Bernilius chasqueó la lengua y luego escupió a las brasas. El siseo de su saliva burbujeando produjo un silbido agudo.
—¿Y eso de qué les sirvió cuando Alcido y sus perros fueron a sus tierras a buscarme, eh? Dime de qué les sirvió.
—No quería… —me disculpé al ver la furia en su cara. Pocas veces había visto enojado a Bernilius. Aquel hombre, con su delgado y enjuto cuerpo, era todo lo que me separaba de la soledad.
—Ahorcados como perros, con sus entrañas cubiertas de moscas colgando debajo de sus pies. Dime que mal hicieron esos niños, Braco. Dime qué honor hubo en ellos. Si hubiesen sido mis hijos habría vendido a mi hermano con un solo rasguño en sus caras. Un arañazo, su simple raspón. Mi hermano no fue valiente, fue un estúpido.
—Mis padres… —protesté, pero Bernilius me cortó rápido.
—Y los míos, por todos los dioses, también los míos. Ya sabíamos a qué nos ateníamos cuando esparcimos las vísceras de aquel canalla por todo su palacio.
Bernilius sacó el cuchillo de la tierra y miramos la hoja mellada reflejar las ascuas brillantes. Durante un instante el cuchillo pareció bañado en sangre.

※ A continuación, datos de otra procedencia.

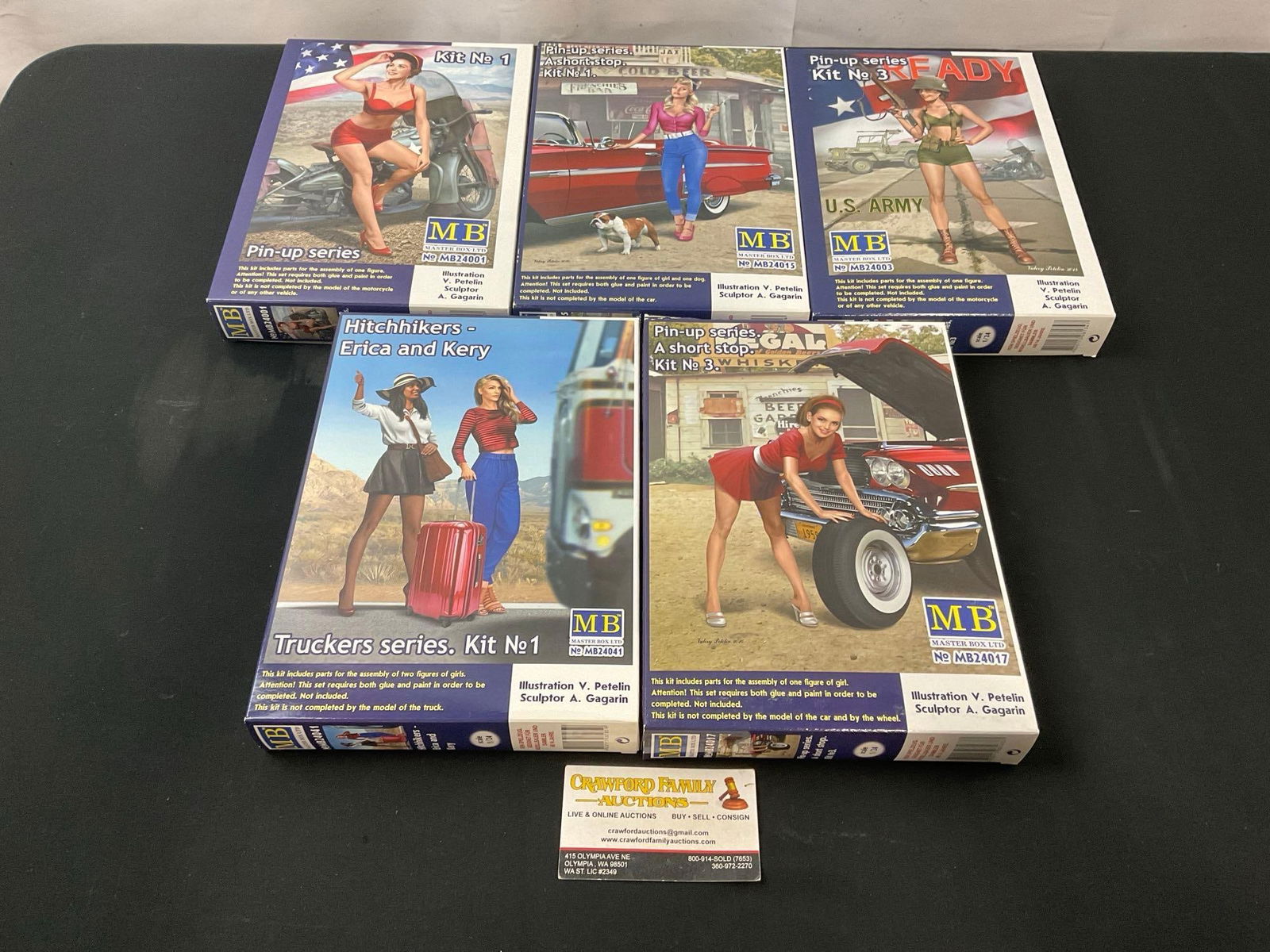 5x Master Box Pin Up Model Kits, #s 24001, 24003, 24015, 24017 & 24041: Appears to be in good shape. The pieces all seem to be included. See pics. E-2970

—Poco honor queda ya en este mundo, Braco. Y menos debería quedar en nosotros, que hemos violado templos, mancillado a preciosas doncellas, robado a humildes comerciantes y degollado a inocentes para robar fruslerías y baratijas.
—Es una hechicera, una adoradora de dioses oscuros, amante de demonios, la zorra de…
—Es tu hermana. Lo único que te queda de ti en este asqueroso mundo.
Pinchó uno de los trozos de carne humeante y me lo ofreció.
—¿Vas a renunciar a lo único que te salva del olvido?
Miré el trozo de carne y tras dudar unos segundos lo desclavé del cuchillo.
—Así me gusta —dijo con voz hosca mientras recogía otro pedazo de carne para él.